Итак, выехали из Ферганы. Почти сразу же «проголосовала» колхозница с грудным младенцем на руке, рядом на траве — огромный узел, сама в ярко-желтом бархатном жилете поверх зеленого платья. Киргизка. Ей в Араван (за Кызыл-Кия). Посадил ее бок о бок с термосом и «колибри». На первом же перекрестке шахтерского города наша попутчица с младенцем вылезла — пересаживаться на араванский автобус. Мы длинной улицей (садики, побеленные дома, ресторан «Уголек») докатили до входа в городской сад, в глубине которого на холме — шахтерский Дворец культуры, и наконец подъехали к копру шахты-4, по наклонному ходку которой когда-то с карбидным фонарем в руках поднимался и я из-под земли. Шахту давно выбрали и закрыли, на кирпичные стены копра наведена крыша: был копер, теперь отделение связи, могу тебе тут отправить письмо.
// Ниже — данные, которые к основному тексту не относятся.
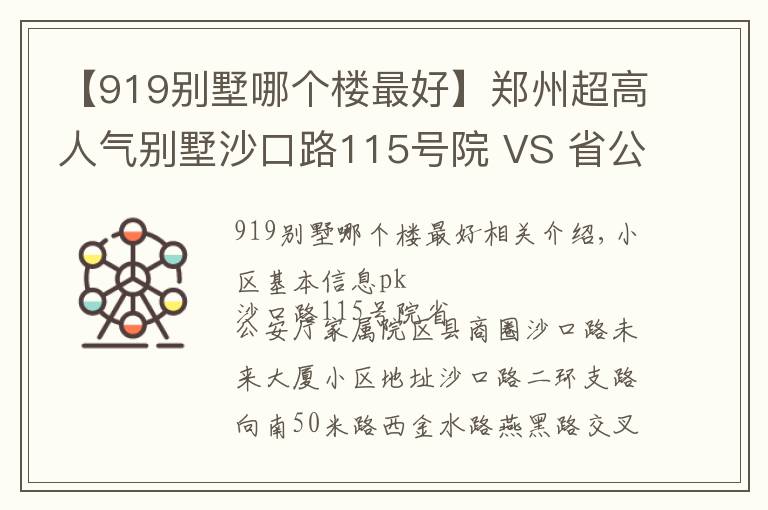 【919別墅哪個樓最好】鄭州超高人氣別墅沙口路115號院 VS 省公安廳家屬院？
Грустно приезжать на старые рудники, у них тоже есть возраст. Всюду стоят немые, нерастущие терриконы выброшенной породы. Исчерпалась угольные богатства, а в городе все так же оглушительно цветут вишни… «Если тебе осталось жить до полудня, все же заработай, чтобы тебе хватило до вечера». Эту фразу слышал из уст Леонтия Григорьевича Солнышко, здешнего шахтера.
Случается, встретишь человека раз или два, не придашь никакого значения встрече, а потом жизнь все чаще возвращает тебя к нему, к его словам, и в конце концов оказывается, что это именно он дал тебе тот толчок, который стал определять твое отношение к жизни и к людям. Такую роль в моей жизни сыграл Леонтий Григорьевич Солнышко, хотя видел его только в тридцатом году — первый раз, когда сюда попал.